According to geography professor Daniel Trudeau, however, that interpretation may be misleading.
“One of the issues around the light rail that’s kind of complicated is that while St. Paul has spent money on creating stations, one could argue that the return on investment was enormous,” Trudeau said.
He believes it’s likely not an either-or decision, as infrastructure projects are likely not competing directly with social justice issues for money. Besides that, he noted, funding and legislating initiatives to alleviate homelessness can be an extremely complex undertaking.
“If you think about the causes of homelessness, yes, there is a lack of affordable housing, but it’s not that simple,” he said. “It’s not like if we make more affordable housing then homelessness will go away. There are other issues going on with why people don’t stay in place, or can’t.”

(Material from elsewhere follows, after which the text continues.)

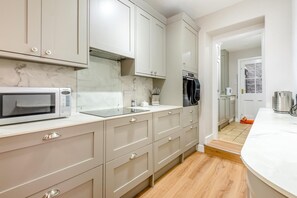 烤箱、高脚椅、厨具/餐具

Per Trudeau, legislators would have to consider a diverse range of issues, including providing improved mental health services and advocating for criminal justice reform. Reaching the systemic root of homelessness would surely exceed the resources of any one mayor.
“I think an advocate might both demand that it be on the agenda but also be aware that it’s not up to a single city, however large it is, to change this for good,” Trudeau said.
“If I am a petitioner and I think that by having this on the Mayor’s agenda it’s going to get solved, I’m going to be disappointed,” he continued. “What power do those folks have at city government? The most they can do is ask that resources get committed to a solution.”
For Ward 3 Councilmember Chris Tolbert, the housing crisis is already a top priority. He has worked on several projects to alleviate homelessness in St. Paul – an issue he says is “married” to the accessibility of affordable housing.
“We took a big step on that in our budget this year where… we’ll be investing over $73 million in the next three years into affordable housing,” Tolbert said.
Like Trudeau, however, he acknowledges that the issue isn’t necessarily that simple.
“This doesn’t mean homelessness has been solved, as anyone can see,” Tolbert said. “That’s the hard part, it’s a very complex thing.
“I wish there was a silver bullet but I don’t think anyone has found it in any community across the country,” he continued. “If there were one, we would implement it tomorrow.”